I have lots to say, so much on my mind. Those of you who know me well, know that I typically do not go to sleep before midnight. However, the last two nights, I've gone to sleep at 10:30 and 9:30. Tonight was 9:30...but here I sit at 1am, having woken up and not able to get back to sleep. I know it's mostly because of heavy thoughts on my mind. Oh how I wish to unload them onto you, my faithful readers, in hopes of some clarity or relief. But I also don't want to ONLY write about deep thoughts and severe emotions. Since these heavy thoughts aren't concentrated to one topic only, it does seem difficult to write about here. They include continuing faith issues that I've previously shared, as well as marriage junk, parenting woes, pre-teen drama, bd parties coming up, the holiday, bankruptcy issues, Christmas plans going awry....ahhhh, so much to think on.

So instead of delving deep into those, I thought I would share one of the beautiful things that happened this week!
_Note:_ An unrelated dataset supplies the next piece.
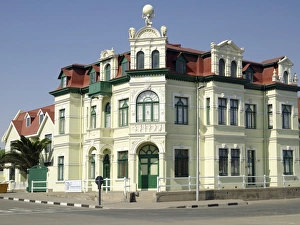 A fine old building in Swakopmund depicts the architecture A fine old building in Swakopmund depicts the architecture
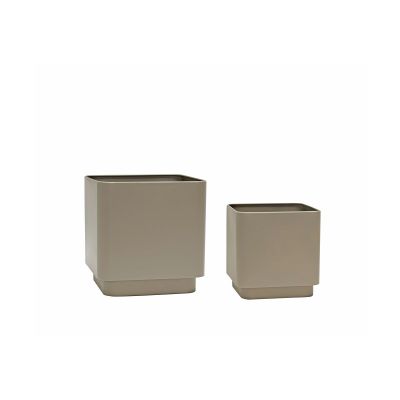 Hübsch Cube ruukku sarja 2 osaa Ruskea | Alk. 147,00 €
Madeleine turned 12! Good grief, it seems like just yesterday I was looking at that stick turning pink with a positive sign. Her birthday was on Sunday and we had Ben's closing show and party for The Little Mermaid, but her morning started out with the cast singing her happy birthday after Sunday worship! That was fun! Then, after the strike party, our family went to dinner (including our good family friend, Kiana, who Madeleine considers one of her very best friends even though she is 6 years older--she's more of an older sister to her!). Kiana also stayed the night with her, which was fun. After dinner and after a quick trip home, I took Kiana and Madz to the store for a movie and some breakfast foods (and I made sure to act very embarrassing throughout the store). I also got them a treat at McDonald's and we had some funny times there. This coming weekend, Kiana is helping me to give Madeleine a bd party...not a lot of her friends can come, but it should still be a good time! I still can't believe that God blessed me with such a kind, caring, responsible, loving, mature, funny, and loyal first born child. I feel so lucky to have the children that I have, and so undeserving. I also can't believe I have a 12 year old!!!

A really great thing happened to Ben during the strike party of Little Mermaid that I can't wait to share, but it requires a longer posting. I will save it for later. For now, I am hoping my close friend Insomnia will leave me alone and let me get on in my journey toward slumber!